Scuola: schiscetta da casa sì o no? E' polemica tra regione e comune

Il caso della bambina allontanata dal locale refezione perché aveva "osato" portare da casa la schiscetta. La vicesindaco durissima: "La madre ha fatto violare alla figlia una regola"

Rimonta la polemica sulla possibilità o meno di portare a scuola la "schiscetta" da casa, per sostituire il pranzo scolastico. Il 9 settembre una sentenza del tribunale di Torino ha riconosciuto il diritto di 58 famiglie di quella città a fare esattamente questo. Al contrario, a Milano (alla scuola elementare Pirelli, in via Goffredo da Bussero a Niguarda), è stata allontanata dallo spazio del refettorio perché stava consumando un pasto portato da casa.

Sulla questione sono intervenute le titolari della delega all'educazione in regione Lombardia (Valentina Aprea, di Forza Italia) e nel comune di Milano (la vicesindaco Anna Scavuzzo, del Partito Democratico). Con posizioni diametralmente opposte.

Aprea difende a spada tratta la famiglia della bambina allontanata. «Scavuzzo chieda scusa», ha dichiarato: «E' grave la discriminazione gratuita che il comune di Milano da una parte e le dite che erogano i pasti dall'altra stanno operando nei confronti dei minori e delle loro famiglie milanesi e lombarde». Aprea ha anche annunciato un tavolo di confronto per il 4 ottobre con istituzioni e associazioni, e sostiene che l'ordinanza del tribunale torinese «non vale solo per quelle 58 famiglie».
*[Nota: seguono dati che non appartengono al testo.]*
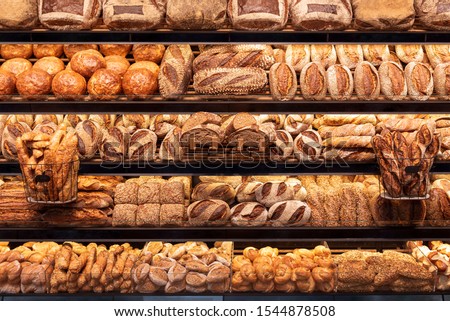 Delicious loaves of bread in a german baker shop. Different types of bread loaves on bakery shelves.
La regione è pronta «ad aprire la strada, con le giuste cautele, a pranzi alternativi nei percorsi scolastici». Il Pirellone si era già occupato dell'argomento quando era esploso il caso di Corsico, dove il sindaco Filippo Errante (centrodestra) conduceva una battaglia durissima contro i "morosi" delle mense scolastiche, minacciando la sospensione del servizio per chi non pagava l'arretrato. Il consiglio regionale aveva approvato un ordine del giorno (con i voti del Movimento 5 Stelle, di Ncd e di Forza Italia) per permettere alle famiglie di mandare i figli a scuola con la schiscetta.

Di tutt'altro avviso - ma altrettanto dura - la vicesindaco Scavuzzo. Secondo l'esponente del Pd, l'ordinanza di Torino è valida solo per i ricorrenti. «A Milano nessuno può pretendere di consumare un qualsiasi pasto portato da casa all'interno dei locali adibiti alla refezione», attacca: «Una normale regola che la madre della bambina ha ripetutamente violato, anzi ha fatto violare alla figlia». 

Il dibattito è acceso anche tra gli esperti: nutrizionisti e psicologi. Non sono pochi a ritenere che il pasto preparato a scuola insegni ai bambini la varietà e li "inciti" a superare pregiudizi per qualche cibo in particolare. Tuttavia (dati 2015) una mensa scolastica su quattro, in Italia, è fuori norma, secondo i controlli dei Nas, con cibi alterati e conservati male. E ben otto famiglie italiane su dieci ritengono che le mense scolastiche dovrebbero offrire cibi più sani.

La questione rimane aperta. Anche perché c'è pure un lato economico: Milano Ristorazione, monopolista delle mense scolastiche a Milano, è partecipata al 99% da Palazzo Marino. E Palazzo Marino, con una nota della direzione centrale educazione e istruzione (firmata dalla responsabile, Lina Lucarelli), ha sottolineato che la sentenza di Torino vale solo tra le parti e che a Milano le disposizioni rimangono le stesse.